__Requirement__. From the line with "Fauteuil en velours" to the line with "Men's Tartan Pajama Set", retype each line exactly as it stands in the records below, but skip the pictures.

__Raw data__.
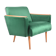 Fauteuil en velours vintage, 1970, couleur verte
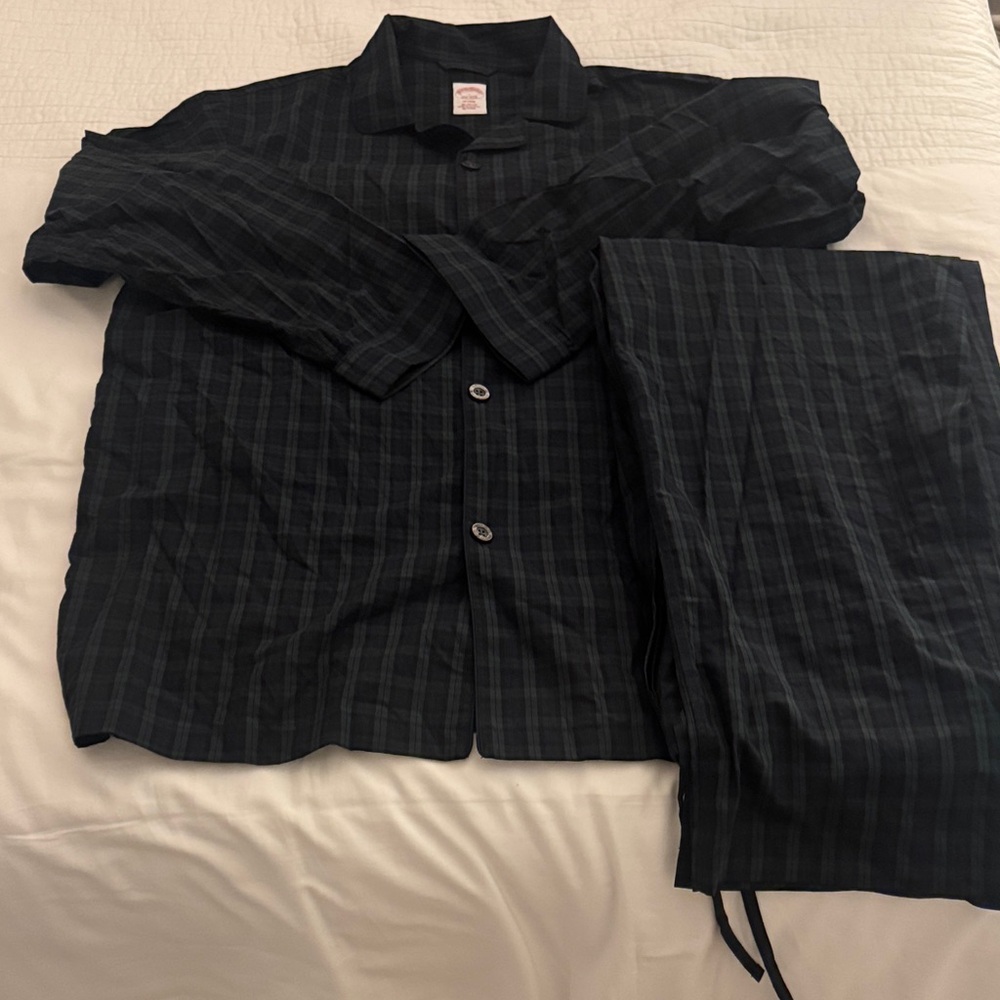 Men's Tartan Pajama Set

==

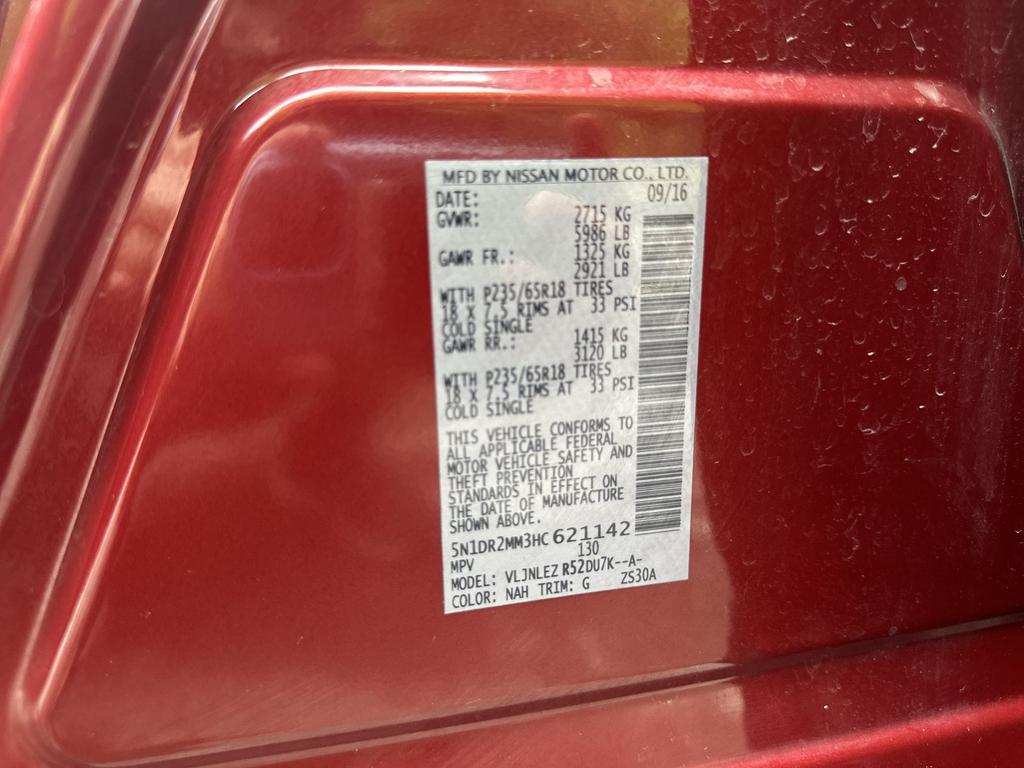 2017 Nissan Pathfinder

__Your solution__.
 Fauteuil en velours vintage, 1970, couleur verte
 Men's Tartan Pajama Set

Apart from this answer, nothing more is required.